BEGIN RECORDS SHOWN
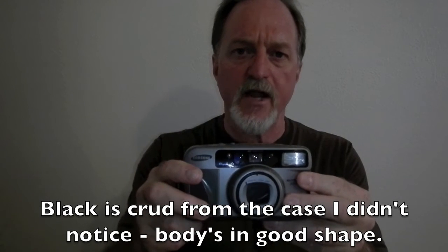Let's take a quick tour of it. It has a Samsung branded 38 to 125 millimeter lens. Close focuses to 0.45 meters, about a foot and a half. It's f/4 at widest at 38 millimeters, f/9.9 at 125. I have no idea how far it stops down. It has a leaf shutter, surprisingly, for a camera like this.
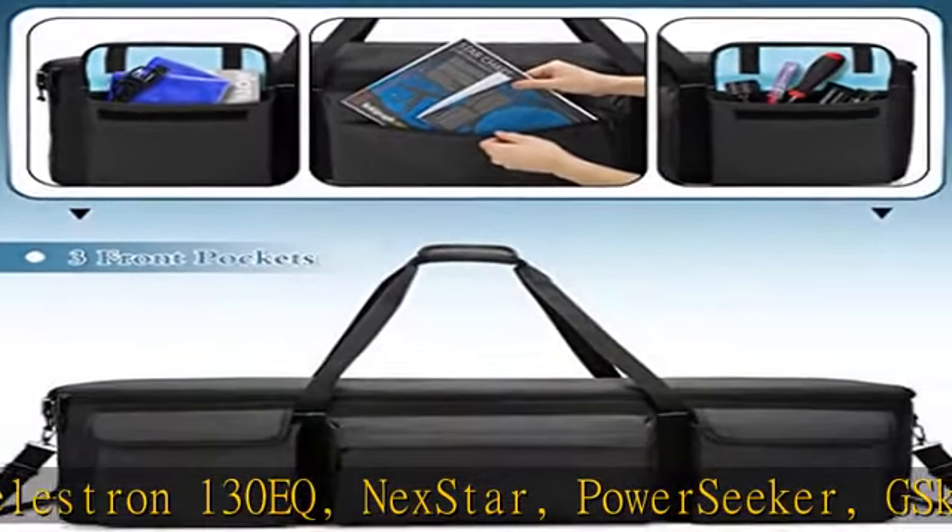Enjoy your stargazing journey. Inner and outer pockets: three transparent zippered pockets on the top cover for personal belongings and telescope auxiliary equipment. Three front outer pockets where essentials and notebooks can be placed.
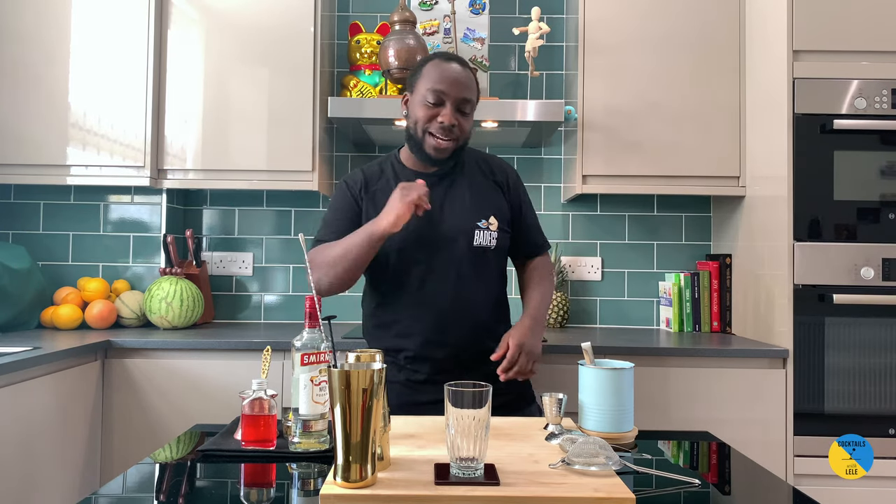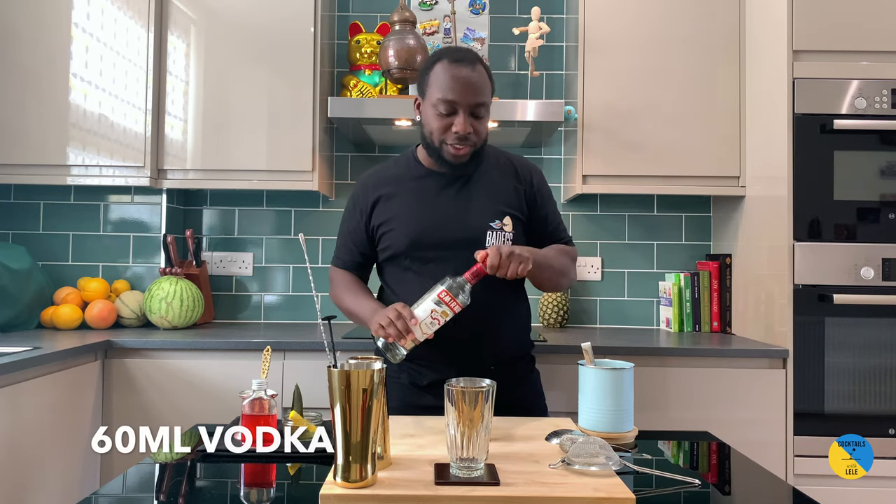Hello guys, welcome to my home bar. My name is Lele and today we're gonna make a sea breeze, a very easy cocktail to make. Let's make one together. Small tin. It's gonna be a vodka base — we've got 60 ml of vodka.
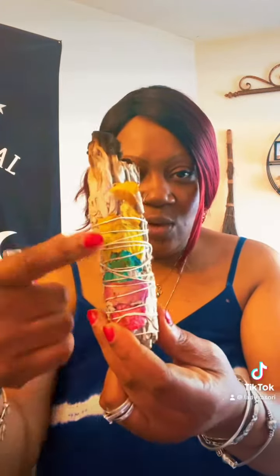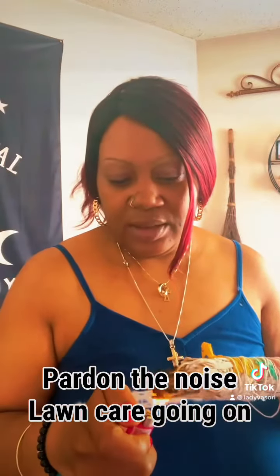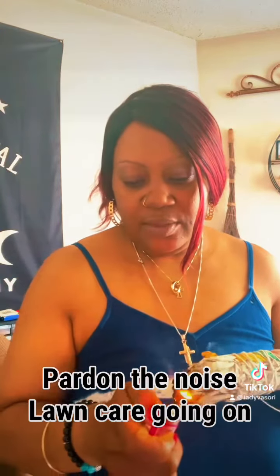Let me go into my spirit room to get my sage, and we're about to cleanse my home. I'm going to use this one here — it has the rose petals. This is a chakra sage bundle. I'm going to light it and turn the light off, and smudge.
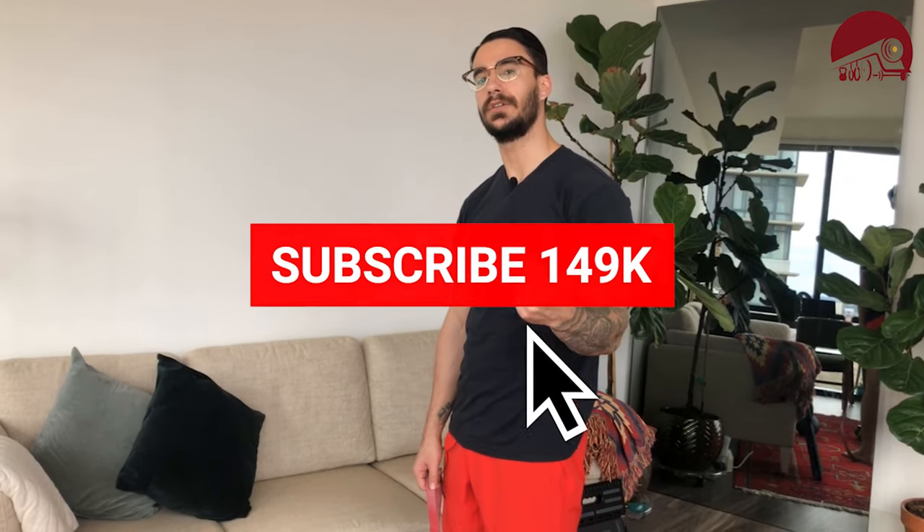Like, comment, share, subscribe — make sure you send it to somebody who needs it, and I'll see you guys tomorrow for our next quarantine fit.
END RECORDS SHOWN
ACTIVITY:
Please return only the lines from the top of the data through the line with "Let me go into", exactly as written, and drop every picture.

REPLY TO THE TASK:
Let's take a quick tour of it. It has a Samsung branded 38 to 125 millimeter lens. Close focuses to 0.45 meters, about a foot and a half. It's f/4 at widest at 38 millimeters, f/9.9 at 125. I have no idea how far it stops down. It has a leaf shutter, surprisingly, for a camera like this.
Enjoy your stargazing journey. Inner and outer pockets: three transparent zippered pockets on the top cover for personal belongings and telescope auxiliary equipment. Three front outer pockets where essentials and notebooks can be placed.
Hello guys, welcome to my home bar. My name is Lele and today we're gonna make a sea breeze, a very easy cocktail to make. Let's make one together. Small tin. It's gonna be a vodka base — we've got 60 ml of vodka.
Let me go into my spirit room to get my sage, and we're about to cleanse my home. I'm going to use this one here — it has the rose petals. This is a chakra sage bundle. I'm going to light it and turn the light off, and smudge.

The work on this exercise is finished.